With regards to agriculture, reliable production of horticultural commodities, particularly during the high-demand Ramadan and Eid Al Fitr periods, has also contributed to helping the province to reduce overall inflation. In August 2013 East Java’s inflation rate was 8.06%, which is lower than the national average of 8.79%, according to figures from Bank Indonesia, the country’s central bank.

Higher Yields

With aspirations of becoming a centre for agricultural activity, the government is targeting investment in compatible downstream industries, such as food and beverage factories, which will in turn have multiplier effects for the local economy. With an estimated 14% of the province’s population living below the poverty line at the end of 2013, the government is now committed to reducing this at the ambitious but achievable rate of one percentage point per year.

Cargill’s $100m investment in a plant in Gresik, East Java, which is scheduled to start production in mid-2014, is a good example of the sort of investment the government aims to attract. The factory, which is the first of its kind in Asia, will be capable of processing around 700,000 tonnes of cocoa beans annually into products such as butter, powder and liquor. In terms of the positive effects that will be felt within the province, Cargill will double existing purchases from local farmers and also aims to train 1300 smallholders by 2015 by setting up educational centres, a move that is expected to improve cocoa bean quality, integrate best practices and boost yields.

Furthermore, state-controlled fertiliser company Petrokimia Gresik has announced plans to set up a new ammonia and urea production plant in the same area; the facility will cost an estimated $580m and should be completed by mid-2016. The plant is expected to have an annual production capacity of around 825,000 tonnes of ammonia and 570,000 tonnes of urea fertiliser.
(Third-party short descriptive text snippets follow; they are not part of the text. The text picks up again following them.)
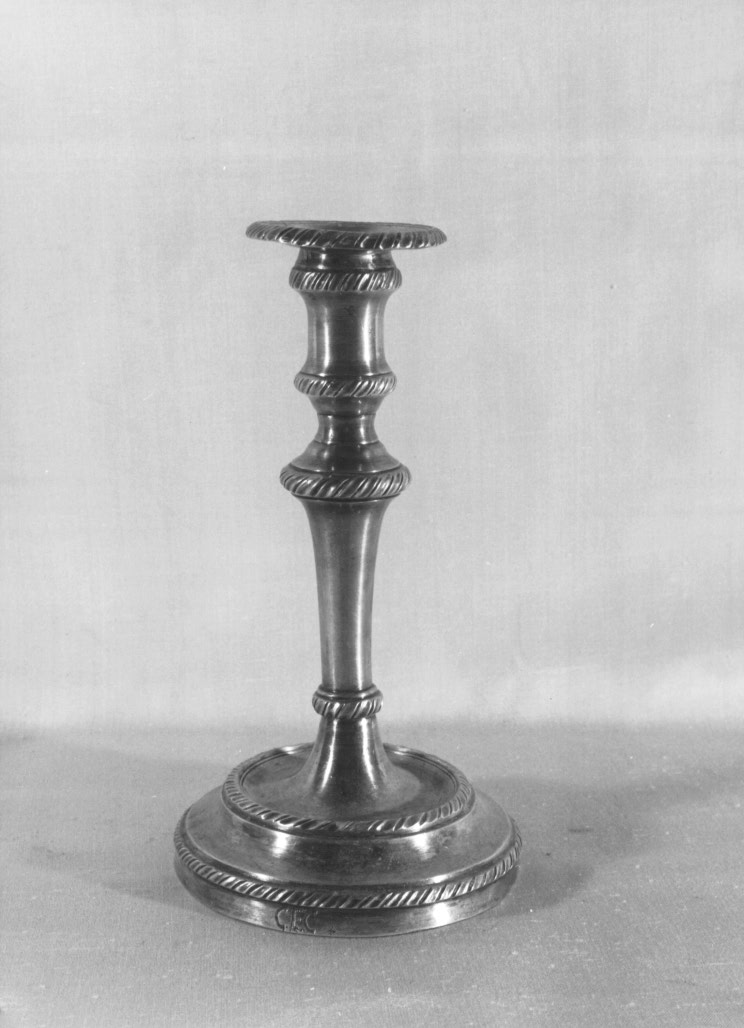 candeliere - ambito Italia nord-orientale (sec. XIX)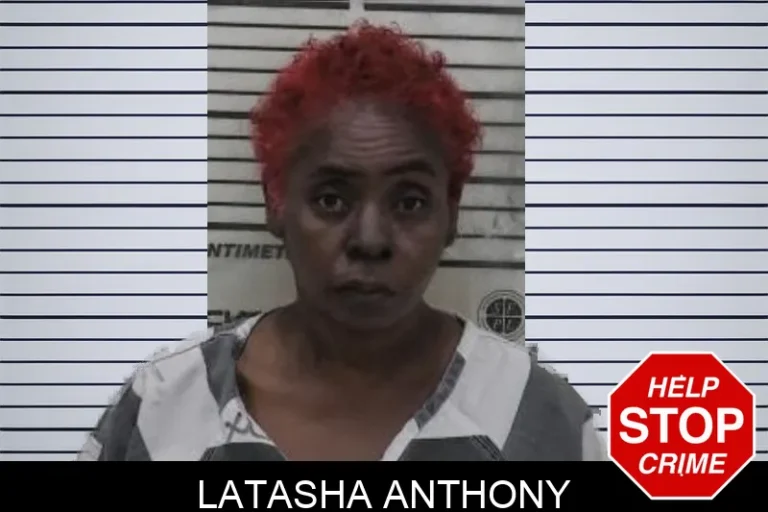 Latasha Anthony mugshot – Coffee County , Georgia Latasha Anthony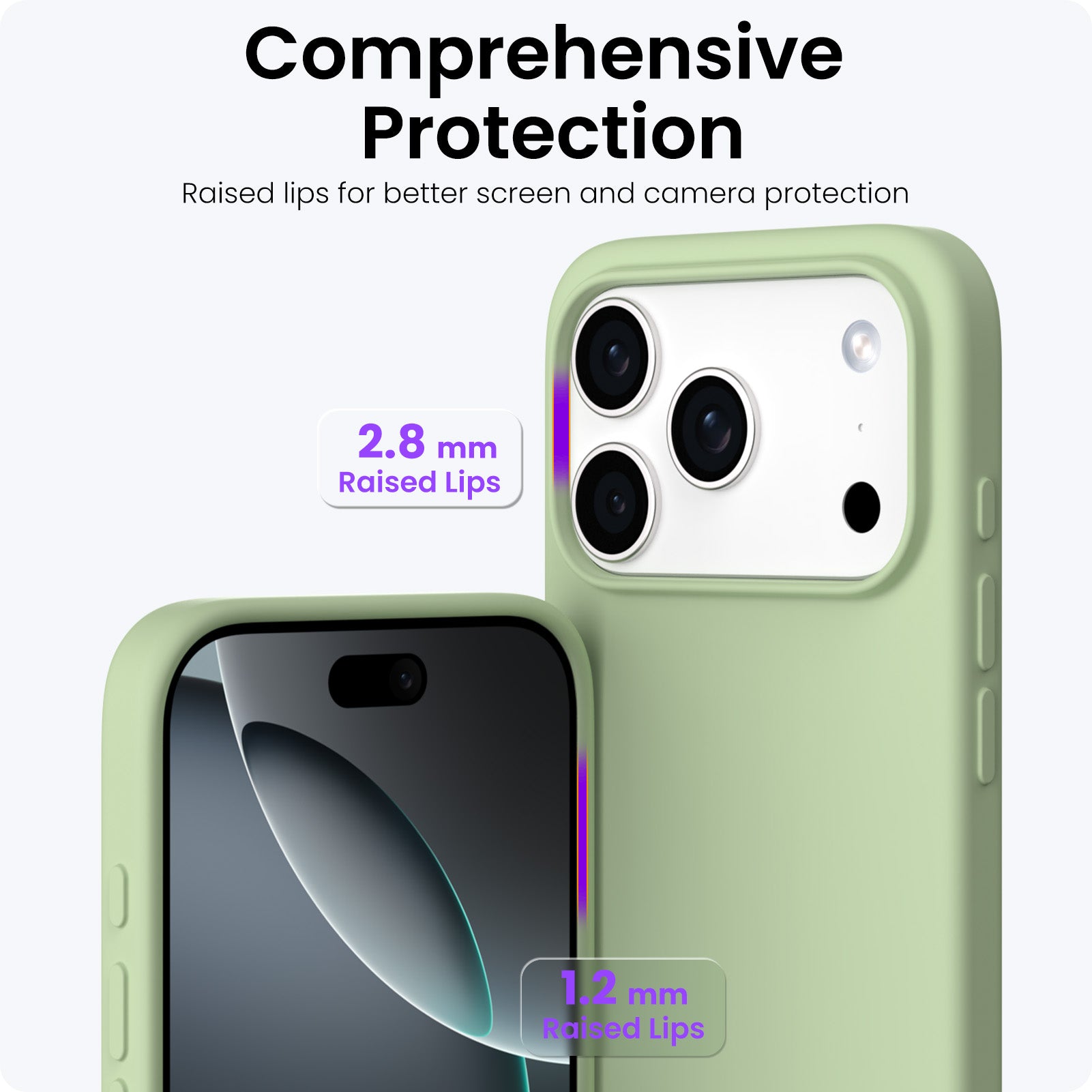 Liquid Silicone Case for iPhone 17 Series
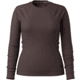 Smartwool Classic Thermal Merino Base Layer Crew - Womens, Mink Heather, Large, SW016369P85100L000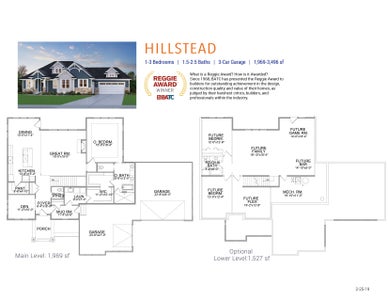Hillstead New Home in Hudson, WI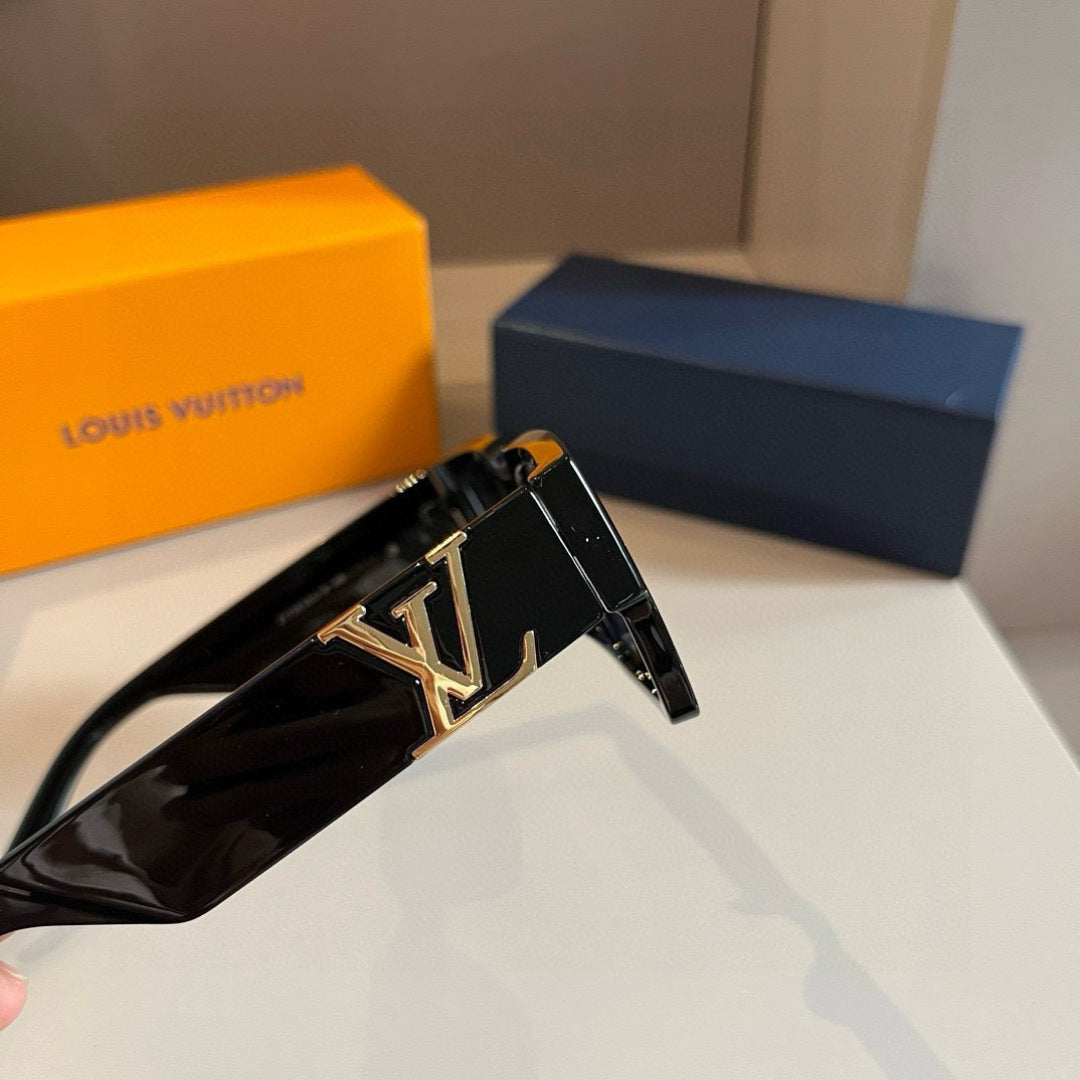 Louis Vuitton Fashion Gold Lens Sunglasses for Men & Women - 398175 - detail image 4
Indonesia currently imports more than 400,000 tonnes of ammonia per year, and it is envisioned that the plant will help to significantly reduce the country’s dependence on imports.

Cigarette manufacturer Sampoerna also opened its seventh hand-rolled cigarette factory in Jember, East Java in mid-2013, and it now employs 4500 workers at the plant. The new factory joins the firm’s six others in Surabaya, Malang, Probolinggo and Lumajang, all of which are in East Java.

Plug & Play

A common obstacle for investors looking to build downstream or value-added plants in Indonesia is the shortage of power, but this is not an issue in East Java, as the province actually runs a surplus of around 4250 MW. While this is a definite achievement in a country where shortfalls are common, it also gives the province breathing room and an opportunity to further boost capacity by developing alternative energy sources. This will likely include the exploitation of its nascent geothermal energy potential, estimated at around 1500 MW, which so far has been largely untapped. However, with the state-owned electricity provider, Perusahaan Listrik Negara (PLN), estimating that Indonesia will need to add some 5.7 GW of additional capacity per year to meet the growing demand for power, the province cannot afford to rest on its laurels.

Industrial Parks

Progress is being made on the development of much-needed industrial park areas as well. Located in Mojokerto outside of Surabaya, Ngoro Industrial Park, which is a joint venture between domestic developer Intiland Development and Taiwan-based RSEA Engineering Corporation, will complete stage two of its expansion plan in mid- to late 2014. With the current park spanning 220 ha, stage two of the expansion plan will increase land area by another 223 ha; further augmentation to a final site size of 650 ha is planned over the course of the next decade. With 80% of the second stage of the development already sold in early 2014 and sales of stagethree space beginning at the end of the year, the demand for such sites is tangible.

Wihardi Hosen, the general manager of Ngoro Industrial Park, told OBG, “70% of tenants are foreign direct investors. While Jakarta increasingly appears as a portfolio investor destination, Surabaya is a location where genuine foreign direct investment is being realised in the form of downstream factories and processing plants being developed.” He went on to cite the early 2014 completion of a 20-ha Unicharm factory as one such example.

Home Of Industry

In line with such expansion efforts, Surabaya appears ready to welcome largescale industrial investment with open arms. The city, Indonesia’s second largest, was rated “intermediate plus” in a financial management assessment conducted by Standard & Poor’s in 2011, which identified the city as “one of the best among South-east Asian local governments that Standard & Poor’s assessed”.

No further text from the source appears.